A transcript of me coming across The Amazing Spider-Man 19.HU (Definitely not playing close attention): “OK, here’s another ‘.HU’ Spider-Man. Cool, we got Lizard on the cover. I wonder what they’ll try this ti. . . BACHALO!!!!!”. The second of these in-between issues that I’ve read, 19.HU brings us a Lizard story illustrated by one of my favorite artists. The end of the last issued showed Taskmaster bringing in the previously elusive Lizard to Arcade. At the same time, Billy the Lizard-kin is with Blackcat who’s made her move towards both of their freedom from Kraven’s prison. Lizard leaves the sewers to find his son. Armed with strength, speed, senses and that scaled tail of badassery (trademark pending), the Lizard is usually more than up to the task. A self-inflicted handicap, though, threatens to make the mission all but impossible. Connors has made it so that he will be paralyzed at the sign of aggression towards anything alive. How does the lizard find and protect his son without being able to bite or strike?

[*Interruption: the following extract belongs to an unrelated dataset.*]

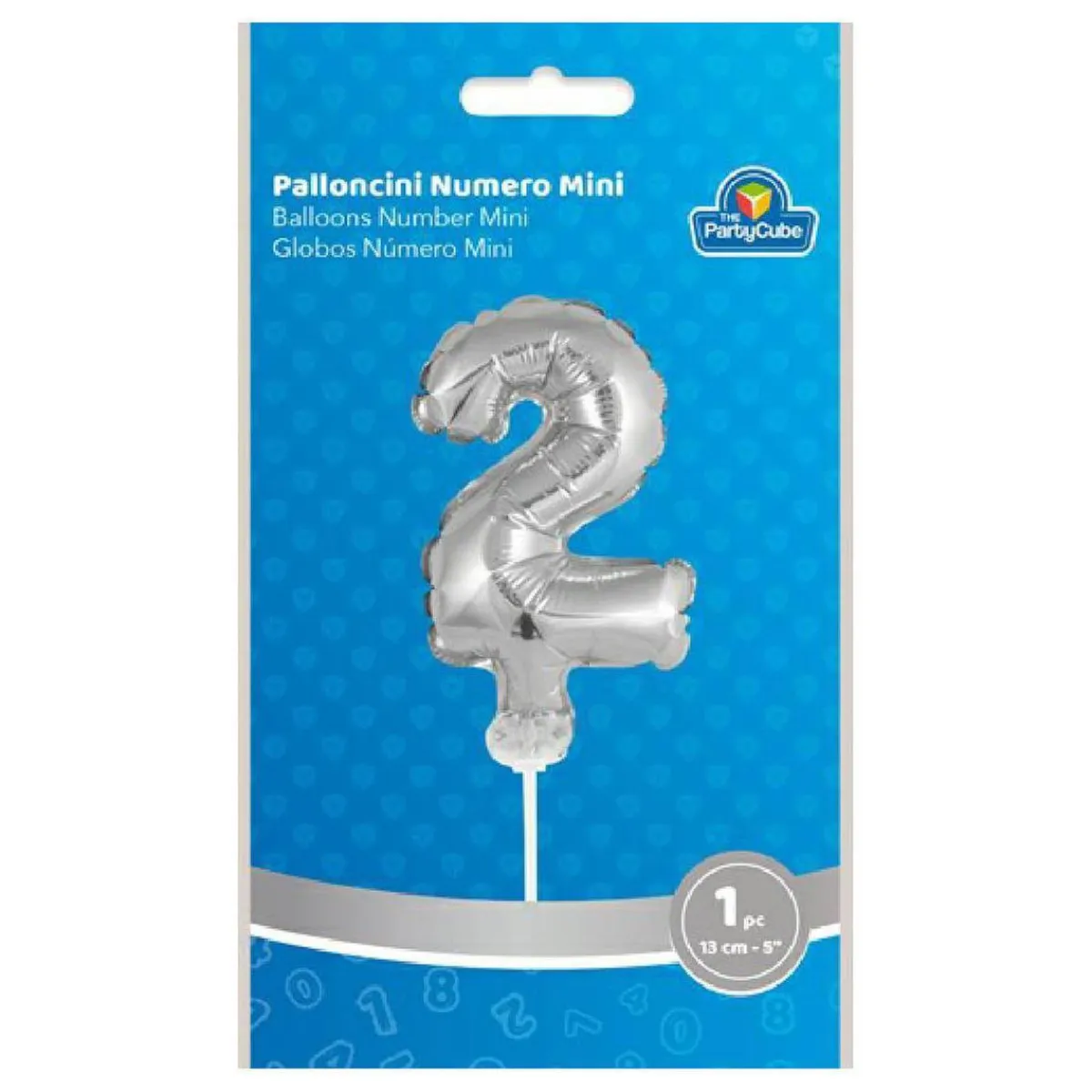 TOYS "R" US Artículos De Fiesta Y Regalos*Globo aluminio plateado número 2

Please grant the fanboy slice of my brain the stage first. I adore Chris Bachalo art. Ever since his run on Uncanny X-Men he’s been an artist that I will pick up a previously unread title for (In fact, that’s why I picked Amazing Spider-Man back up). I was particularly struck this issue by his monstrous take on Lizard. I’m most used to seeing Connors depicted as a dinosaur looking character. Even the cover gives him more of a crocodilian feel. Bachalo draws him like an iguana with menacing, beady red eyes. If you’re like me, the first image that pops in my head when I think of the Lizard is him whipping that tail at Spider-Man in the 90’s cartoon intro (damn. That guitar rift is going to be stuck in my head all day) so watching him use not-violent tactics to get around the inhibitor chip was fascinating. Oh, and I can never say this enough: A GIANT LIZARD IN A LABCOAT JUMPING AROUND NEW YORK IS THE GREATEST!!!

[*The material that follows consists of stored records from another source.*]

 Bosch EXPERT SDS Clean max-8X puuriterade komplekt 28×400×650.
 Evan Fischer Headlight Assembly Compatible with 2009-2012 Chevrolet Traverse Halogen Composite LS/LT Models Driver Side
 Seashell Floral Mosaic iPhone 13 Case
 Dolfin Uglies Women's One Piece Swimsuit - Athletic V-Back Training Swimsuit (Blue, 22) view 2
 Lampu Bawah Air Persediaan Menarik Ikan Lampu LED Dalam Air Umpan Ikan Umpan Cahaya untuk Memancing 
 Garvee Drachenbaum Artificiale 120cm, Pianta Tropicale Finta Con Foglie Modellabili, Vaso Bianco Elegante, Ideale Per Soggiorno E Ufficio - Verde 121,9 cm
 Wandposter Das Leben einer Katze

Nick Spencer is doing something wonderful in these .HU issues. The moving delves into the individual characters, in turn, fosters emotional investment in them during the main story. Not to be outdone by his work on Gibbon (Madame Web rest his soul) Lizard’s fascinatingly tragic history is woven into his mission through inner monologue masterfully. Unlike many villains who embrace their lifestyle through justification, malice or denial Lizard is truly racked with guilt, self-loathing and dedication to redemption. I’m looking forward to the upcoming interactions between Connors, Blackcat and Taskmaster. Even more so, I can’t wait to see which character gets the “.HU” treatment next.